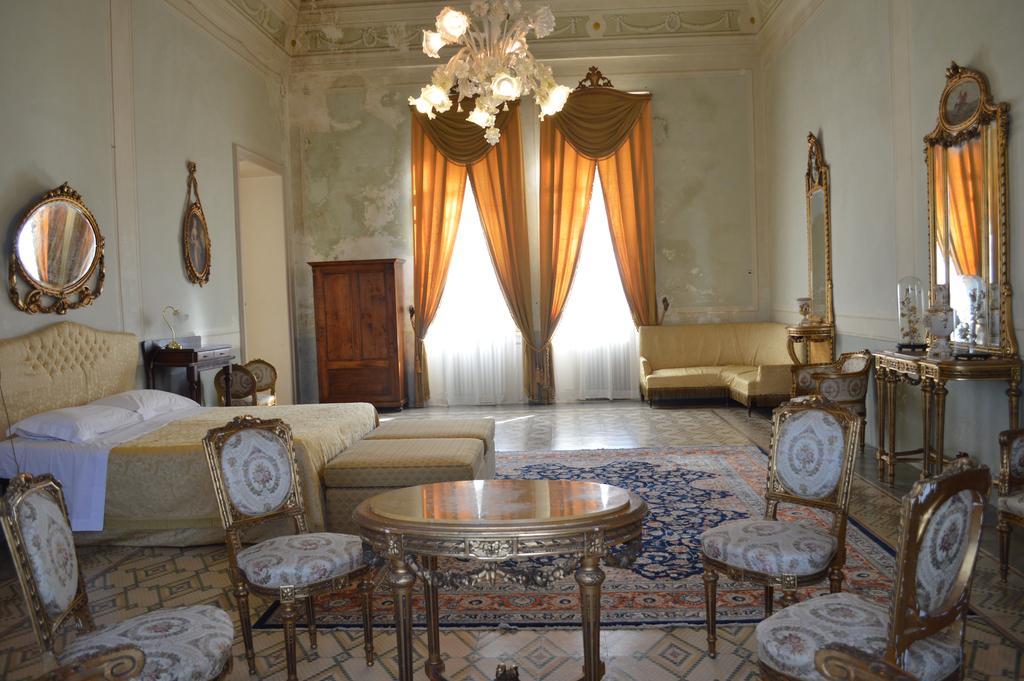 Palazzo Vecchio Bed & Breakfast Маритима Екстериор снимка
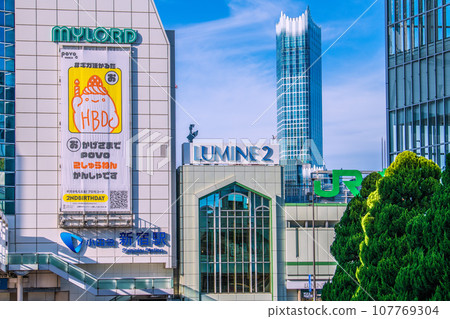 十月的日本東京城市景觀，俯瞰小田急新宿站。玻璃上的布斯塔新宿。右邊是JR新宿站南口=13號 107769304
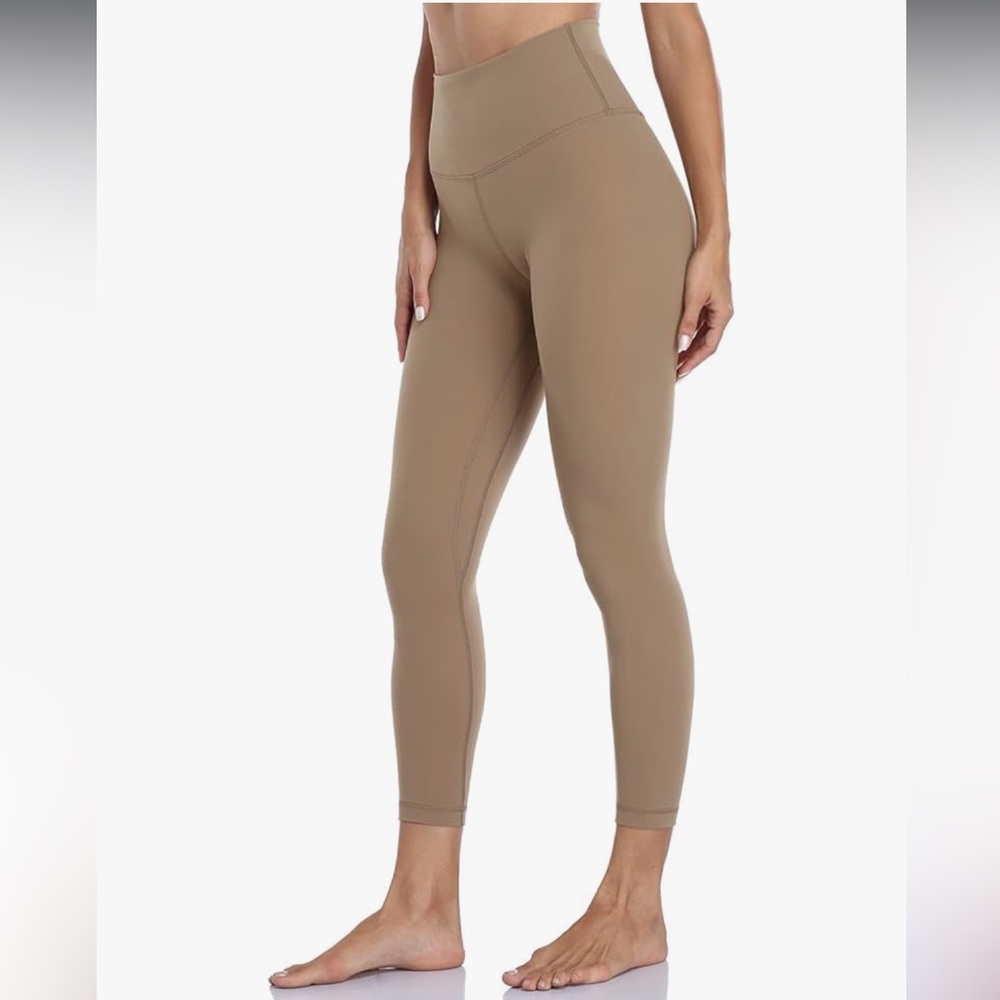 HeyNuts High Waisted Compression 7/8 Leggings with Inner Pockets 25'' S (4/6)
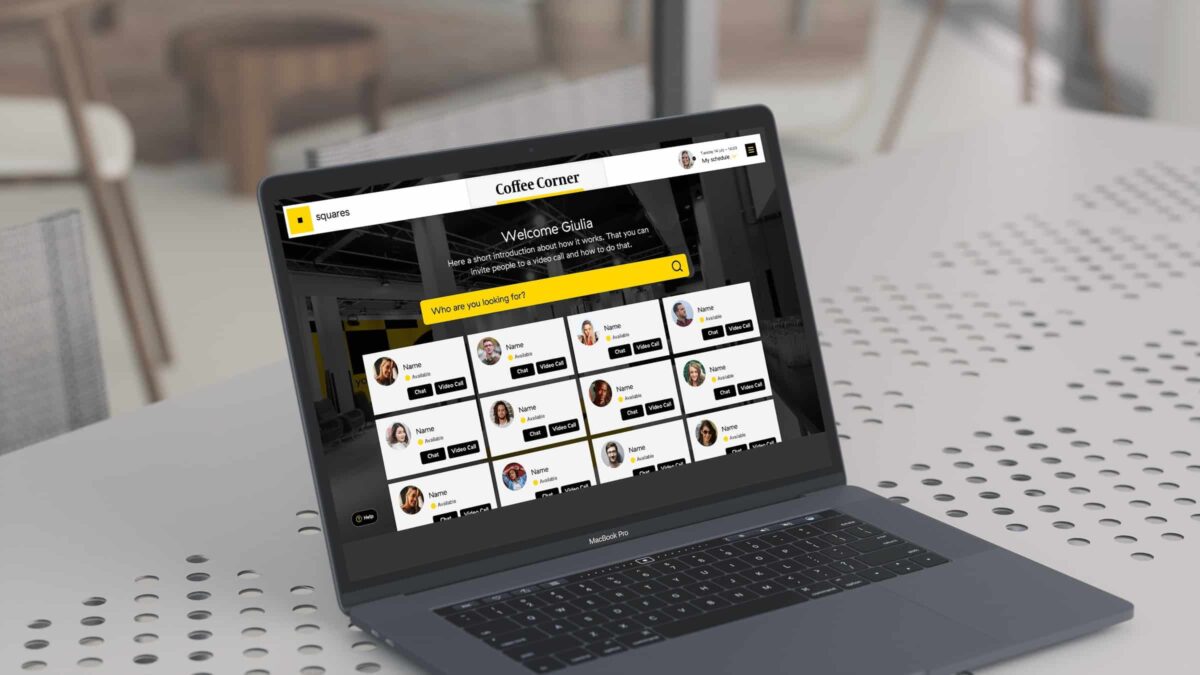 Online hybride meeting met coffee corner op laptop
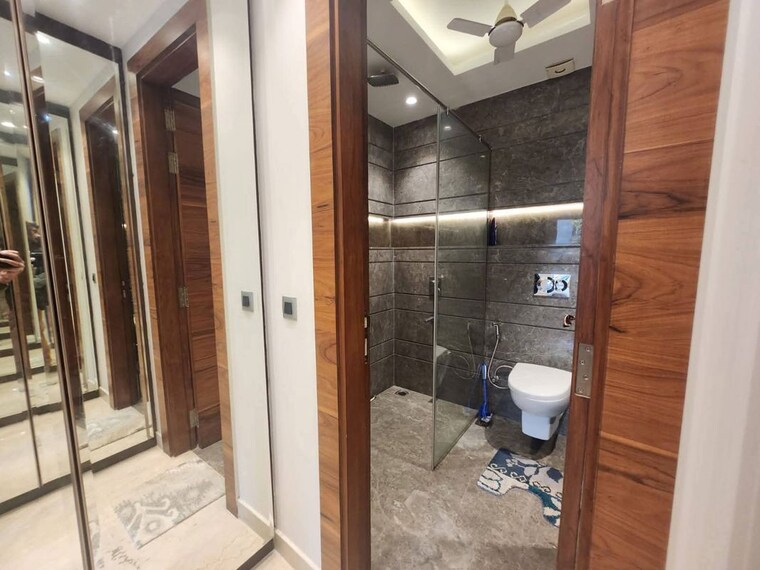 Bathroom, conscient-heritage-max 3 Bedroom 1941 Sq.Ft. Apartment In Sector 102 Gurgaon 10408690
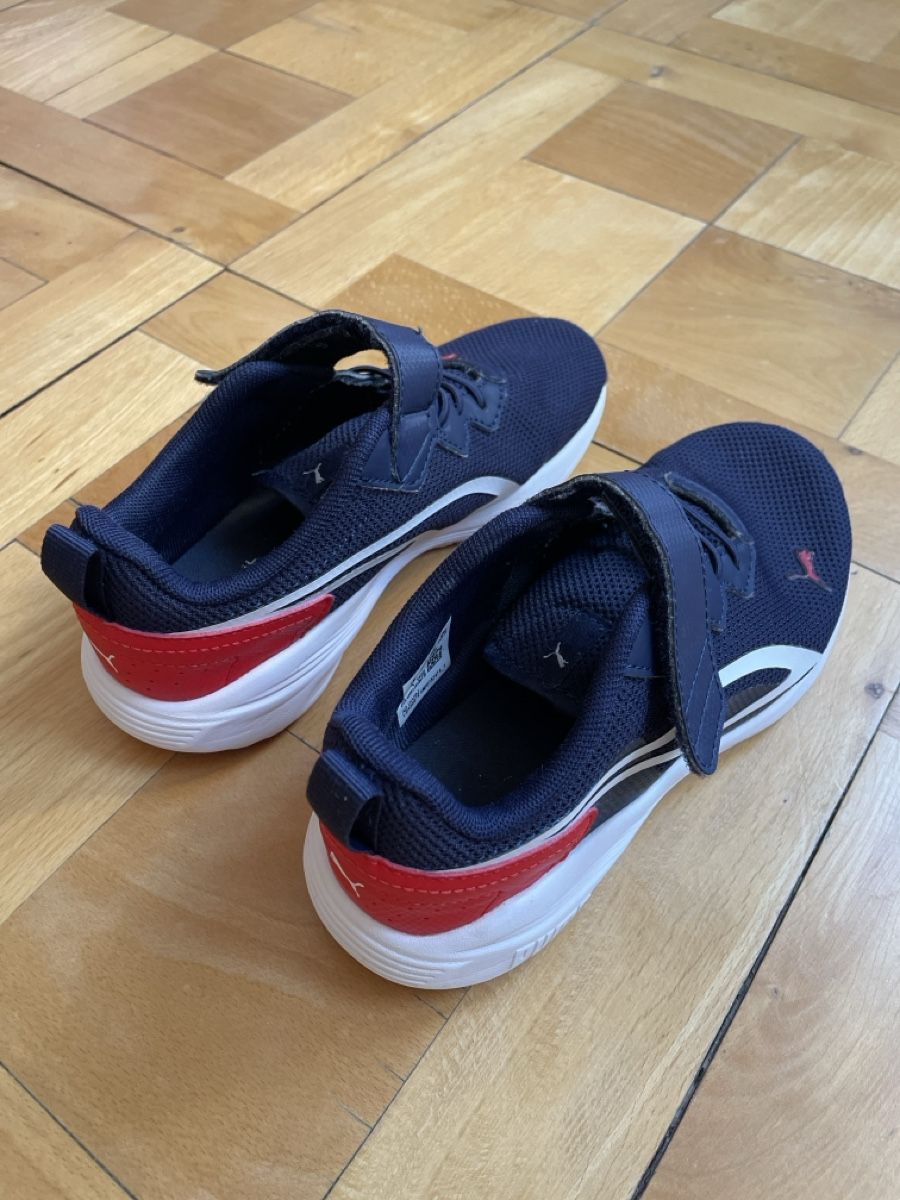 Puma Scarpe per ragazzi: Puma Turnschuhe dunkelblau Gr. 34 – Usato da Zürich venduto da Mangoholz 1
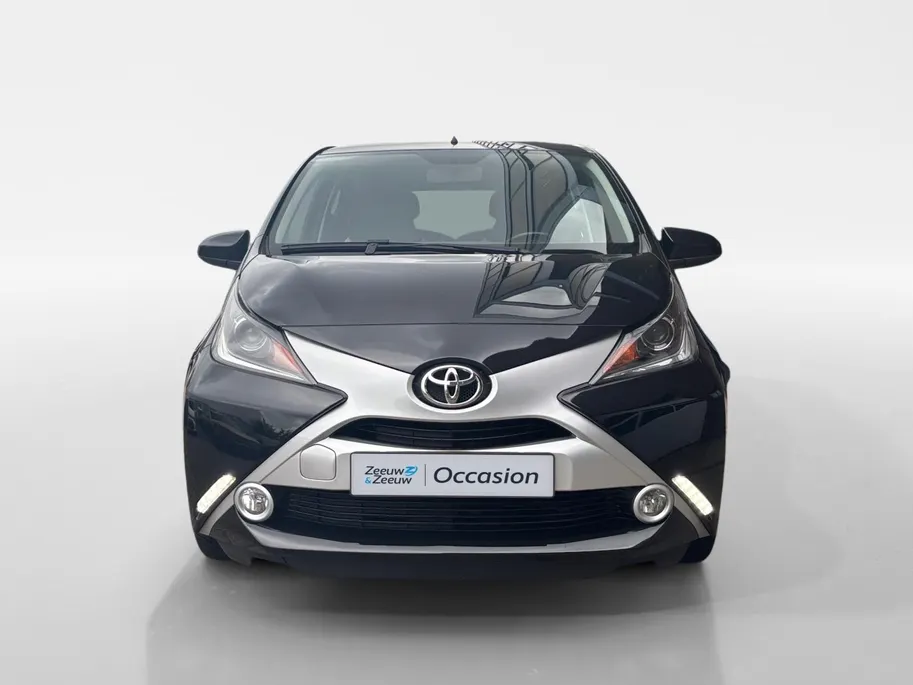 Toyota Aygo 1.0 VVT-i x-play | Airco | Achteruitrijcamera | Apple carplay / Android auto |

################

#### [YOUR INSTRUCTIONS]
A verbatim copy of the records above, without pictures, is required.

#### [SOLUTION]
 Palazzo Vecchio Bed & Breakfast Маритима Екстериор снимка
 十月的日本東京城市景觀，俯瞰小田急新宿站。玻璃上的布斯塔新宿。右邊是JR新宿站南口=13號 107769304
 HeyNuts High Waisted Compression 7/8 Leggings with Inner Pockets 25'' S (4/6)
 Online hybride meeting met coffee corner op laptop
 Bathroom, conscient-heritage-max 3 Bedroom 1941 Sq.Ft. Apartment In Sector 102 Gurgaon 10408690
 Puma Scarpe per ragazzi: Puma Turnschuhe dunkelblau Gr. 34 – Usato da Zürich venduto da Mangoholz 1
 Toyota Aygo 1.0 VVT-i x-play | Airco | Achteruitrijcamera | Apple carplay / Android auto |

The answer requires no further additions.